Asset-specific, not generic biotech risks

Asset-class reality: this is a delivery vehicle, not a drug. There is no therapeutic value without a separately-validated payload, a target, and a developer partner; every economic figure here is an illustrative cohort-consistency envelope, not a product forecast — a CMO will (correctly) refuse to value it as a standalone equity asset.
The entire field is a clinical graveyard: the closest gene-therapy GBM precedent (Toca 511) failed its pivotal Phase 3 and was withdrawn; CED-delivered GBM agents (MDNA55) have positive signals but no Phase 3; the only approved gene-therapy-modality GBM product (DELYTACT) is a single-geography conditional approval. Delivery elegance has repeatedly failed to convert into a survival benefit.
Platform maturity gap: every prior generation of this Hopkins BPN lineage has remained preclinical/rodent. CED dosimetry, catheter reflux, payload stability in the non-adhesive corona, and human brain distribution (orders of magnitude larger than rat) are unproven — the translational risk sits in the carrier-plus-payload integration, which no comparator de-risks.

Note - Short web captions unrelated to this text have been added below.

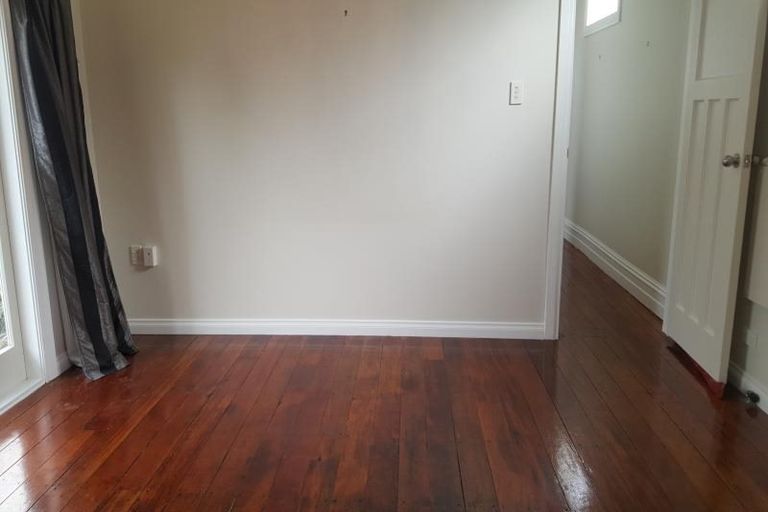 Photo of property in 6 Cardall Street, Newtown, Wellington, 6021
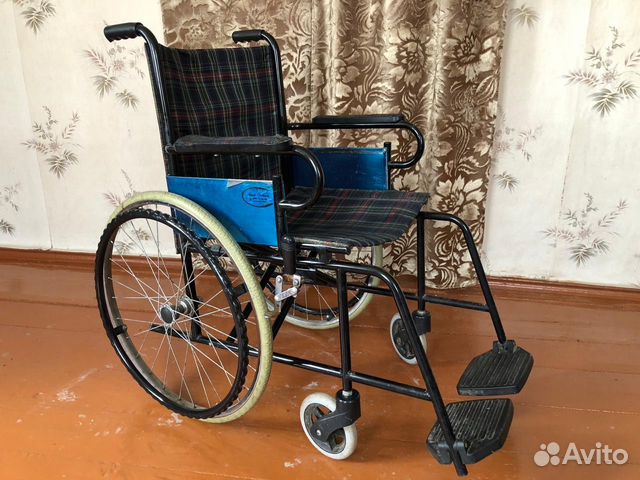Инвалидная коляска FS809B-41(46)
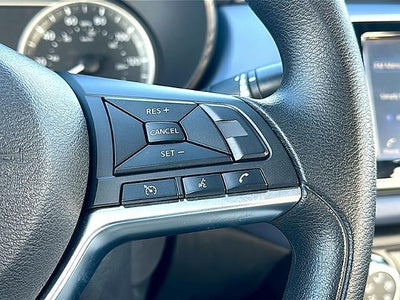 2023 Nissan Versa SV CVT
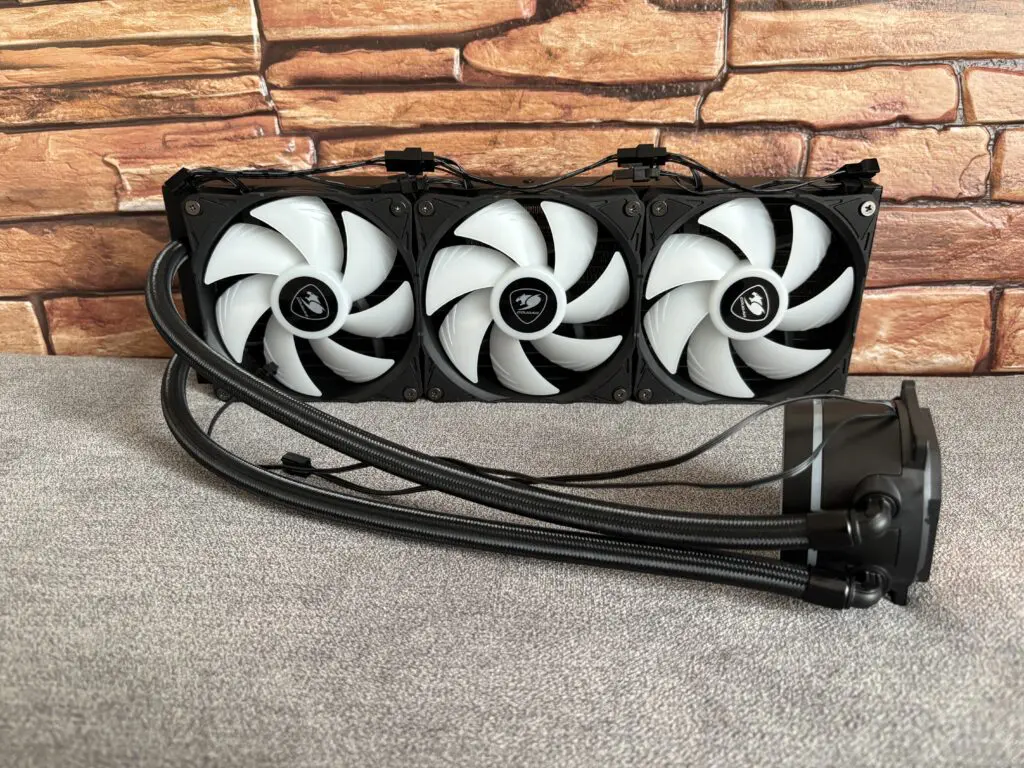Recenzja COUGAR Poseidon Elite ARGB 360 66 IMG 3017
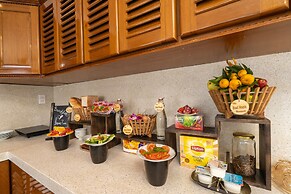 Boat House Riverside Homestay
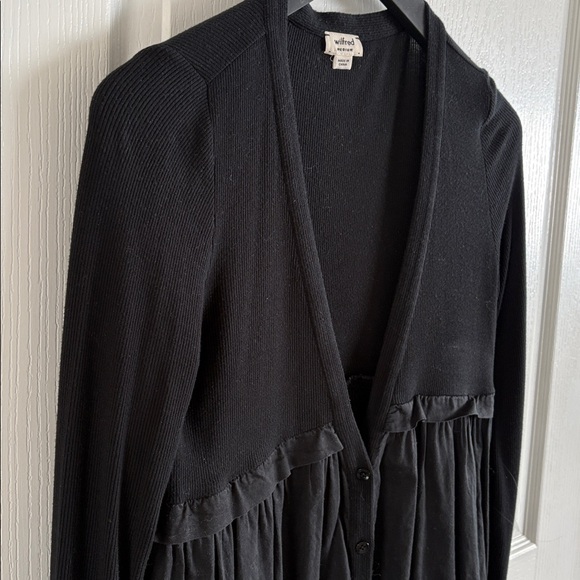 Wilfred | Aritzia Cardigan Style Top - Picture 5 of 16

Modality-bucket vs reality: the pinned 'gene_therapy' classification is retained for methodology consistency, but the lead Negron 2023 data and the cisplatin precedent are chemotherapeutic/nucleic-acid carriers — the platform is payload-agnostic, so any gene-therapy-specific economic read (e.g. DELYTACT analogy) is an archetype anchor only, not a like-for-like comparator.

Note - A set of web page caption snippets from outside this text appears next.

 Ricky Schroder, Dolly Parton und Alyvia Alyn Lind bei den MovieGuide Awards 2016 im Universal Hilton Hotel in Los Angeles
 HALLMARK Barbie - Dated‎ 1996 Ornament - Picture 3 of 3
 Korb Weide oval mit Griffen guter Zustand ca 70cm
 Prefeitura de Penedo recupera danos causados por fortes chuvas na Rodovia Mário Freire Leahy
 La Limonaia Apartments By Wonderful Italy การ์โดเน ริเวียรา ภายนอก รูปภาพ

Funding-path specific: as a platform, monetization requires a strategic/pharma licensee who already owns a GBM payload and is willing to adopt an invasive CED administration model; JHU's realistic capture is upfront + milestones + low-single-digit royalty, and a wrong partner choice (or no partner) leaves the technology stranded regardless of preclinical strength.